遠くに、ぼおっと山波が見えてくる頃、明けはじめた紫色の空が黄色味を帯び、地平の綾線を朝焼けが染め、天空を青く変えて行く頃には、
都会の日常がキンと張った朝風に洗われ、私は旅人になる。
都会の暮らしの中にも小さな旅は、いくつもある。
ヘルメットを被ってグラブをつけて、走り出してしまえばもう旅なのかもしれない。
横浜や茅ケ崎の友人の所へ出かけて行く時、暇な休日何気なく走る多摩川土手や奥多摩、浅草から巣鴨までの通勤路でさえ、旅なのかもしれない。
毎日毎日同じように走っているけれど、まったく同じ日なんて決してない。日常だと思っている時間の中に、割り込んでくる非日常的な出来ごと、状況、ぼんやり見ていたら見逃してしまうような面白い事に気がついて、追いかけたら明日が変わるようなこと、まだまだ沢山あるように思う。神経をとがらせて大切にしていかないといけない。
ジャンボジェット機に乗って、眠っていて、スチュワーデスに『もう着きましたよ。ハワイですよ』って起こされた、只々時差ボケの中でボーっとしている乗客のようではならない。それでは、面白いことが何も分からない。自分が空を飛んでいたことにも気づかない。
オートバイの旅の素晴らしいのは、京都は、浜松より確実に遠いということ、西へ旅すれば、そのつど多摩川を渡って行かなければならないと云うこと。自分の走った距離、道筋を体感出来ること、季節を感じること。自分の位置を知り、世間の広さを知り、自分自身を実感出来ると云うことです。
ガラス窓で仕切って空調の効いたバスの後部座席で、居眠りしながらの旅も幸福だけれども、目もくらむほどの谷合いの眼下に広がる緑の匂いや、神々を感じてしまうような清流の冷たさを、見逃してしまうかもしれない。私も、暖かいまどろみの中で幸せしていることは大好きだけれども、そんなことを続けていたら腹が立つほど飽き飽きして、結局、後悔することを知っている。
眠り続けるのは、墓石の下に行ってからでいい。
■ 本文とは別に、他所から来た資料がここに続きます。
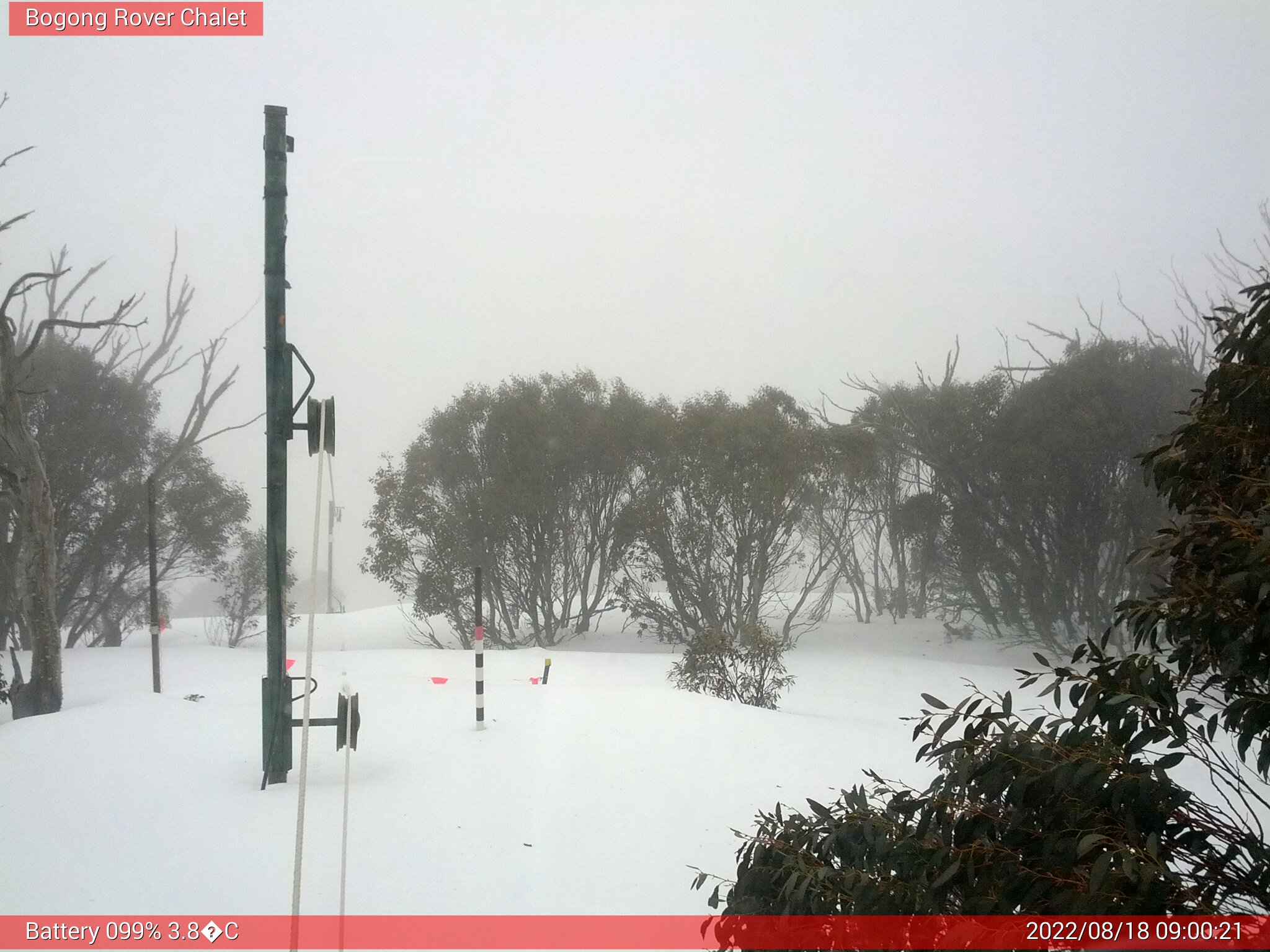 Bogong Web Cam 9:00am Thursday 18th of August 2022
そうなったらずっと寝ていろ、起きてくるととても迷惑。 今は、出来るだけ起きていないと勿体ない。
目覚めた感性を、空間的に、時間的に移動させ、自分の視点の高さを変えて世界を見てみるのが、旅だと思っている。
身近に例えれば、ほとんど皆が眠ってしまった午前2時の東京が、表情を変えていることを知る、朝日に追われてまたたく、夜明けの富士山五合目から見る星々を知るのも旅です。
あなたは、日中埃っぽかった横浜B埠頭の夜の静寂の中で聞く、東京湾の波の音を聞いたことが有りますか。
TVから流れる映像や音楽なんかでは決して分からない、何かが有ります。
東京に居ても、アリゾナの砂漠やチベットの岩山、モルジブの海で夕日を見ている時のように、地球の一部と接している自分を、そして、自分自身が流動する宇宙の素子だってことを感じる。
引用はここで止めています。